Ieder van ons kon zich bewust worden van de soort vragen die hij gemakkelijk gebruikte binnen een klassengesprek en welke soort vragen meer benut zou kunnen worden. Ook werd duidelijk dat een regelmatige afwisseling in de vraagsoorten een gunstig effect op het klassengesprek had: na een paar exploratieve vragen aan een leerling die een bijdrage heeft geleverd, is het verstandig om ook andere leerlingen hierbij te betrekken en bij die aanvullingen kunnen vanzelfsprekend weer exploratieve vragen volgen. Als docent zou je je vooral bewust moeten zijn hoe je kunt variëren binnen zo’n bespreking.

Uit de analyse van een van de video-opnames bleek nog een andere valkuil voor de docent: het nodeloos parafraseren van de antwoorden van leerlingen. Gemakkelijk kun je hierbij een aantal goede bedoelingen bedenken: de docent herhaalt de bijdrage van de leerling, omdat hij er zeker van wil zijn, dat alle leerlingen de bijdrage gehoord hebben; de docent wil aan de leerling laten merken dat hij goed geluisterd heeft en nodigt hem a.h.w. uit tot een vervolg.

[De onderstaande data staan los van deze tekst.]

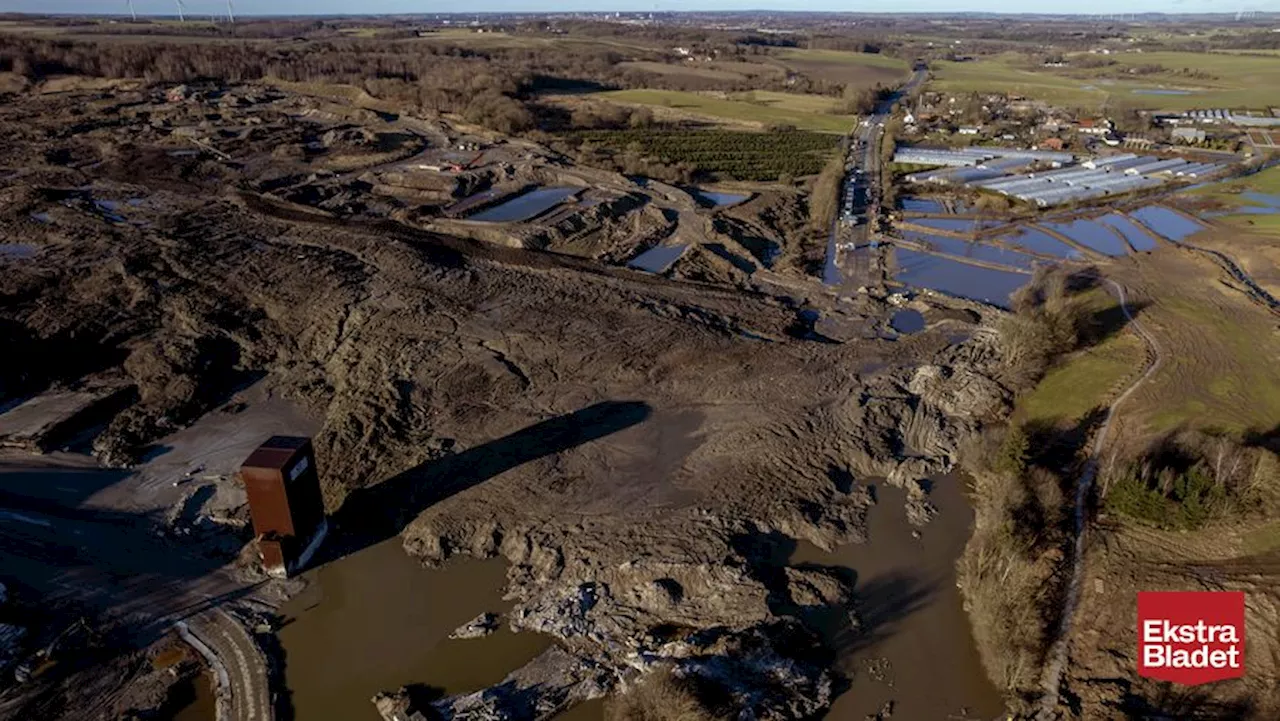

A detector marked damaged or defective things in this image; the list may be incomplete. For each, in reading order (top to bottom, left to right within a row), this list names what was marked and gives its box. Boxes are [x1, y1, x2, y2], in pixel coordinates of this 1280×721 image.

rusty metal container [238, 437, 325, 566]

Maar toen we in de bespreking van de video-opnames voorbijgingen aan goede bedoelingen en ons richten op het feitelijke effect van dat parafraseren, waren we minder positief. Het herhaaldelijk parafraseren van de bijdragen van de leerlingen had een vertragend effect op het klassengesprek; het leek wel of de docent op deze manier de controle op het gesprek wilde handhaven; maar zelden reageerde de leerling die een bijdrage geleverd had nog met een inhoudelijk vervolg, laat staan dat andere leerlingen hierbij ongevraagd aansloten.

Als een docent een echte gesprekspartner van de leerling zou willen zijn, dan getuigt een echte inhoudelijke, explorerende reactie van meer respect voor de leerling. Als de docent andere leerlingen wil betrekken in het gesprek, kan hij die rechtstreeks daartoe uitnodigen.

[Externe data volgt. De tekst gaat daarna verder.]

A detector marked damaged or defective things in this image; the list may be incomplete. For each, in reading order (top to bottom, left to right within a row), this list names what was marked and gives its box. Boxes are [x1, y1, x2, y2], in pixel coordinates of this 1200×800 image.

Aard van de groepsgesprekken

Eigen video-opnames als lesmateriaal voor de groepsgesprekken
Bij het onderdeel Lessuggesties zijn drie grondvormen van lessen uitgewerkt. Bij twee van de drie bespreken de leerlingen in groepjes vragen bij het gelezen romanfragment. Veel leraren zullen deze groepsbesprekingen verkiezen boven een klassikale bespreking: het gevaar dat de docent te veel aan het woord komt, is vanzelfsprekend bezworen; bij de groepsbesprekingen kunnen meer leerlingen aan het woord komen om over hun leeservaringen te spreken dan in een klassikale bespreking.

Daarbij is het wel nodig om leerlingen te leren hoe zij een open, exploratief groepsgesprek kunnen voeren. Dat vraagt namelijk om een andere gespreksstijl dan die zij mogelijk aangeleerd hebben bij het debatteren dat op veel scholen beoefend wordt.

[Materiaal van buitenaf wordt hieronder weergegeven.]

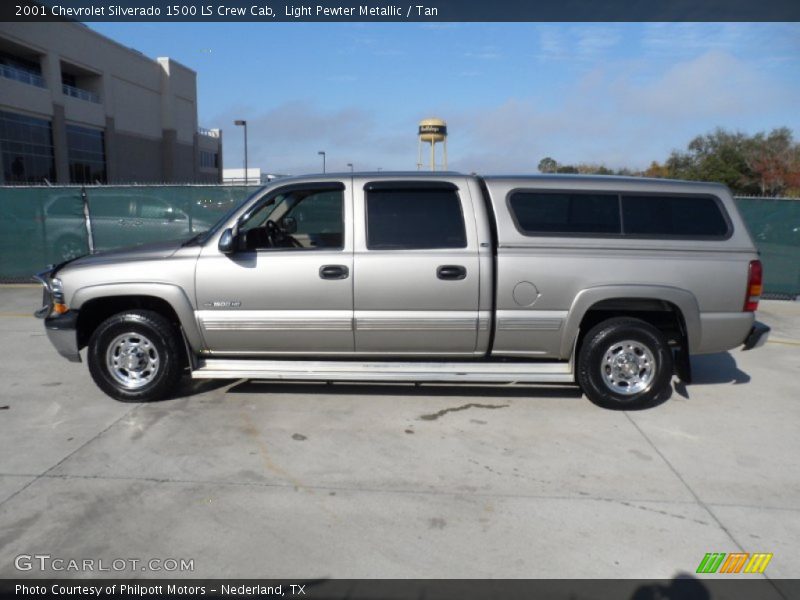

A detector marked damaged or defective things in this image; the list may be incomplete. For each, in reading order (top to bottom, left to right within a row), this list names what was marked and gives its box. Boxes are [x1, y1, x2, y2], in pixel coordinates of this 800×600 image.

pavement crack [418, 404, 506, 422]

Welke hulp bied je als docent aan leerlingen om aan hen te leren hoe zij een verdiepend groepsgesprek kunnen voeren? Je kunt je leerlingen wel adviseren om vragen aan elkaar te stellen, maar het is nog mooier, als de leerlingen zelf de kracht van verschillende stimulerende en remmende gespreksbijdragen kunnen ontdekken. Het observeren en analyseren van videofragmenten uit groepsgesprekken maakt zo’n ontdekking en bewustwording mogelijk.

Vandaar dat we in het begin van het schooljaar 2017-2018 video-opnames van groepsgesprekken gemaakt hebben. Dankzij de hulp van hun docent Nederlands, Gepco de Jong, hebben twaalf leerlingen uit klas 5vb van het St.-Odulphuslyceum in Tilburg in groepjes van vier drie groepsbesprekingen gerealiseerd. Tevoren hadden zij daarvoor het romanfragment uit Het smelt van Lize Spit gelezen. De vier vragen die op het werkblad van Het smelt zijn uitgewerkt, vormden het uitgangspunt voor het groepsgesprek.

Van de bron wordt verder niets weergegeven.